The company has not acknowledged any wrongdoing in the settlement.
The movement to build a class started in April 2010, when Charlene Gallion filed a lawsuit against Apple in U.S. District Court. She and her attorneys proposed that they represent all purchasers of iPhones and iPod Touches in the country.
Apple's former liquid damage policy was changed around December 2009 for iPhone and June 2010 for the iPod Touch. The company then said that a warranty claim should not be denied based solely on a triggered headphone jack or dock liquid contact indicator.
Fazio said the issue with Apple's former policies was that company employees would allegedly base the decision to repair or replace a device based on the indicator without fully inspecting the device.
"If then they find after inspecting them internally, as we allege they should have done from the beginning, they find water damage, frankly, we don't find anything wrong with it," Fazio said.
Now, company employees first ask customers if a device has been damaged by water, then inspect the device, Fazio said.
So far, Fazio said, there are about 150,000 identifiable people who are a part of the class.
"They'll remember. I guarantee it," Fazio said of the potential claimants. "People who spend that much on a device and have to buy another one for reasons they don't believe were valid -- they tend to remember."
Fazio said his team already has contact information for about 130,000 class members.
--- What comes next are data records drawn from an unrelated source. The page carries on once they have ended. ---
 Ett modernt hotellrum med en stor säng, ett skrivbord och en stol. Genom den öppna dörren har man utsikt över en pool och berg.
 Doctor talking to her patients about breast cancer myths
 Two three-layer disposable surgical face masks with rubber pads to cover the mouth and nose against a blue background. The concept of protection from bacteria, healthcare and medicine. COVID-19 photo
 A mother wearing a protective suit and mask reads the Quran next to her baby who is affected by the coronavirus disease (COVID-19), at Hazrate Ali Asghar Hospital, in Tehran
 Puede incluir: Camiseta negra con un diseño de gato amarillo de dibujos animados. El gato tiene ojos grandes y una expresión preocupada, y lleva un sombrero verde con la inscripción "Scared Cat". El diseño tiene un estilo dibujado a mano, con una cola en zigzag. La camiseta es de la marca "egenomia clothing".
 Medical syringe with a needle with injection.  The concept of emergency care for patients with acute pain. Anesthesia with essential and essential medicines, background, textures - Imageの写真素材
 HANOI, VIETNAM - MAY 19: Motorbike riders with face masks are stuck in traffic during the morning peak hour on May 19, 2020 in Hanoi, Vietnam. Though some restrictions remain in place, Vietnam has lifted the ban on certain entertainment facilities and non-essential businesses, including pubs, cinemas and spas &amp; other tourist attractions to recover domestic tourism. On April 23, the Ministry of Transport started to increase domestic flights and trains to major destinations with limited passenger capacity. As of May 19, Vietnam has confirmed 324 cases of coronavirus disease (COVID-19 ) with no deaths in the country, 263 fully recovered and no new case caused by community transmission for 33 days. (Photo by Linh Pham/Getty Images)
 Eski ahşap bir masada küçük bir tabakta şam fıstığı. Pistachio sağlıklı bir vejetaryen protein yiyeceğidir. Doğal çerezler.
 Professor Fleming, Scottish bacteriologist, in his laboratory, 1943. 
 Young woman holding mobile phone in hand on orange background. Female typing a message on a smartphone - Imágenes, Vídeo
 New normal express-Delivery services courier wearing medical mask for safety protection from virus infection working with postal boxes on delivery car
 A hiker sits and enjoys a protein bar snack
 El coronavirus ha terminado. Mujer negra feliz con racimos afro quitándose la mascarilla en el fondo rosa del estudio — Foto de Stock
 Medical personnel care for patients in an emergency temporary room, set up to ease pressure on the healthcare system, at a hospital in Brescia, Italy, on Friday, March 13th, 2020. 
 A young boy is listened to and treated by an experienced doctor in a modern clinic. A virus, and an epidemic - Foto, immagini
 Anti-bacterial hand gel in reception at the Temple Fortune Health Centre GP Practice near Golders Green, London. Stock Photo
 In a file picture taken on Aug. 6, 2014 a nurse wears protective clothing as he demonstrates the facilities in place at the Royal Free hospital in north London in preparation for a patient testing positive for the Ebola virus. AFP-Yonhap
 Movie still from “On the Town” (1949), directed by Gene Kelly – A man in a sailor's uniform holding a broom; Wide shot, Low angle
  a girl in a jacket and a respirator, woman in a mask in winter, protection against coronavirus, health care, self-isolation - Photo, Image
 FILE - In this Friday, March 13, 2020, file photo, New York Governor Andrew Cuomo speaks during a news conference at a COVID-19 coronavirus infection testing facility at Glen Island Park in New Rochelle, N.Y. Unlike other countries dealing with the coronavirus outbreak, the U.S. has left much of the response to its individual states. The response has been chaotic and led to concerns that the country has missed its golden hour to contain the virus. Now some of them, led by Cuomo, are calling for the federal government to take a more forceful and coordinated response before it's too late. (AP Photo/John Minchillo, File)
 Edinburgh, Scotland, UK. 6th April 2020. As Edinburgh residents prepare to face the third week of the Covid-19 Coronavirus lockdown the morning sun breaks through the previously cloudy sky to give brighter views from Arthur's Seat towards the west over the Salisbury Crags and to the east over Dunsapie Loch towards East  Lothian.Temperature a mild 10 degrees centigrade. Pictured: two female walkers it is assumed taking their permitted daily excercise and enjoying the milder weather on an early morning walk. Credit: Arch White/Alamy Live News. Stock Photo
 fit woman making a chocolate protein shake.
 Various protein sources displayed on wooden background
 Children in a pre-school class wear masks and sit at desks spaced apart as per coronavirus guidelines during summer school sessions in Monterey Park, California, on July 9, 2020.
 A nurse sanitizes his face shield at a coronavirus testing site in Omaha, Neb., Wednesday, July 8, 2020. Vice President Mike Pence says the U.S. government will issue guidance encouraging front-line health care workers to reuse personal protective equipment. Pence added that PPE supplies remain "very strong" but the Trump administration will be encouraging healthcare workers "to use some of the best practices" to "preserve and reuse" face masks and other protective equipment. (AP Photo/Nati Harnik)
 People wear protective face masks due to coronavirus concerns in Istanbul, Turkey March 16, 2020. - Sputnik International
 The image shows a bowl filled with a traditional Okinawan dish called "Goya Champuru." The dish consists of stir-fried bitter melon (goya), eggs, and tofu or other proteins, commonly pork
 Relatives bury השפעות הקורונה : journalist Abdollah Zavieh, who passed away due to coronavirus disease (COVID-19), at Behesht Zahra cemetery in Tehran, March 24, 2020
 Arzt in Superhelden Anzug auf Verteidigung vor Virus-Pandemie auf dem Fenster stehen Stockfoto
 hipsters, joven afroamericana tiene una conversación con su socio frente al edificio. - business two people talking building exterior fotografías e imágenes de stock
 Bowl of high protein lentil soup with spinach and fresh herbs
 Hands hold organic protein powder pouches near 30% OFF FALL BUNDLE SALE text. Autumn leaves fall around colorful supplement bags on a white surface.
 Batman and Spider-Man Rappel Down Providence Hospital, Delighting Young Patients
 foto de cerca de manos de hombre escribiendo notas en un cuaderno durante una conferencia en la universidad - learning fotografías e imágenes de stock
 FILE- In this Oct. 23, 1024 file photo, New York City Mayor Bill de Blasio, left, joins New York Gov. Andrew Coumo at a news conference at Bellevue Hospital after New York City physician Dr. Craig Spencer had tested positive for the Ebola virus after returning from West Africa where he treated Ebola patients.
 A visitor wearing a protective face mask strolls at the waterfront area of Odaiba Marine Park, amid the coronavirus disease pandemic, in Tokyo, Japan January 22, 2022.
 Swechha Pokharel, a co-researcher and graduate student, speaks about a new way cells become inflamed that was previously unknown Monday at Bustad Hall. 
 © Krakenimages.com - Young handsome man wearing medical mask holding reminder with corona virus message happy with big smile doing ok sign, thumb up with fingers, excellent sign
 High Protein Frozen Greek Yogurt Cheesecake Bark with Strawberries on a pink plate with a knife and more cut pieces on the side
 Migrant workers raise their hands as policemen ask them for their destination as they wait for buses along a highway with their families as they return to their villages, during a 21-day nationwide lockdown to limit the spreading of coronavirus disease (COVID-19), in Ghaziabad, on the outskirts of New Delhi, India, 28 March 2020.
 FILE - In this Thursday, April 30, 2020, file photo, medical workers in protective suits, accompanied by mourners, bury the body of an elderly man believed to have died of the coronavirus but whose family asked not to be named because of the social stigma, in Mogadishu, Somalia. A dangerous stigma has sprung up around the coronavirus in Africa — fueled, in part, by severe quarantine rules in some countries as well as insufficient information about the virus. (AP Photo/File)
Those Apple customers will not have to submit a claim for reimbursement from the settlement fund and will receive a check, unless they opt out of the settlement class.
Depending on the final number of claims, people could receive about $200 from the $53 million settlement. If the fund is not fully utilized by claimants, the remaining funds will go to non-profit groups and consumer organizations, Fazio said.
Public records show that the agreement was filed on Tuesday, after an initial copy of Apple's agreement was leaked by Wired last month.
According to the document, "liquid contact indicator" is the name Apple used from Dec. 22, 2009 to describe a water contact indicator tape it purchased from the 3M Company and installed in iPhone 3G and iPhone 3GS.
"They weren't designed to detect damage to an electronic device," Fazio said of the indicators. "What they were designed to do is alert a company that there may be a problem. And if they saw that, opened the device and inspected it and actually found a problem, we wouldn't have filed suit."